● About this exercise:
Restate the full listing word for word and leave the pictures out.

● Source material:

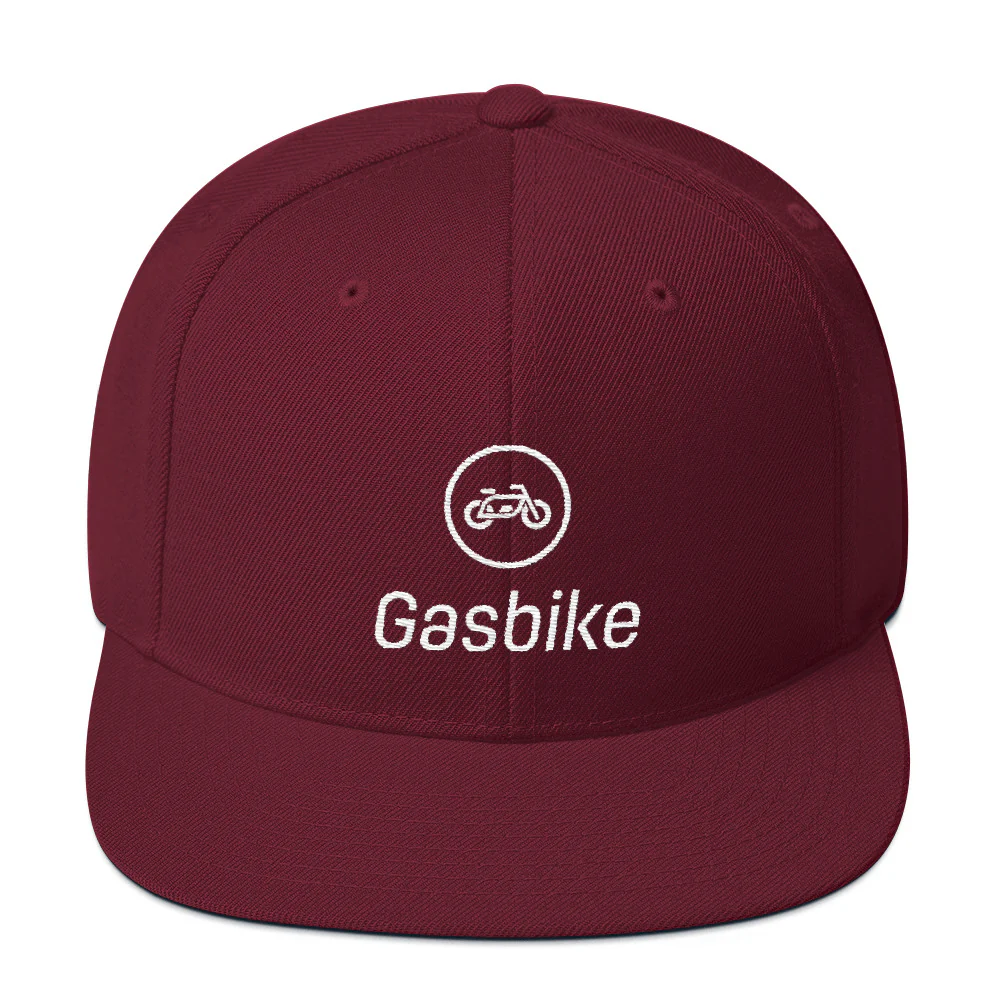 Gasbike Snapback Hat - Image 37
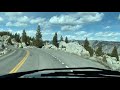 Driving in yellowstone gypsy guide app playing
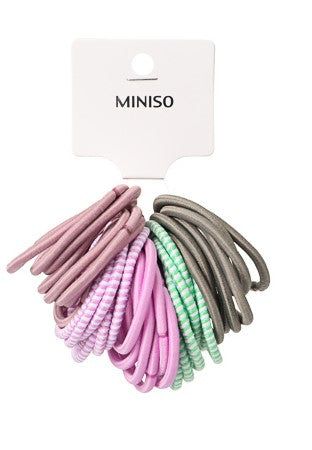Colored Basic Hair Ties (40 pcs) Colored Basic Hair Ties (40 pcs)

● Written response:
 Gasbike Snapback Hat - Image 37
 Driving in yellowstone gypsy guide app playing
Colored Basic Hair Ties (40 pcs) Colored Basic Hair Ties (40 pcs)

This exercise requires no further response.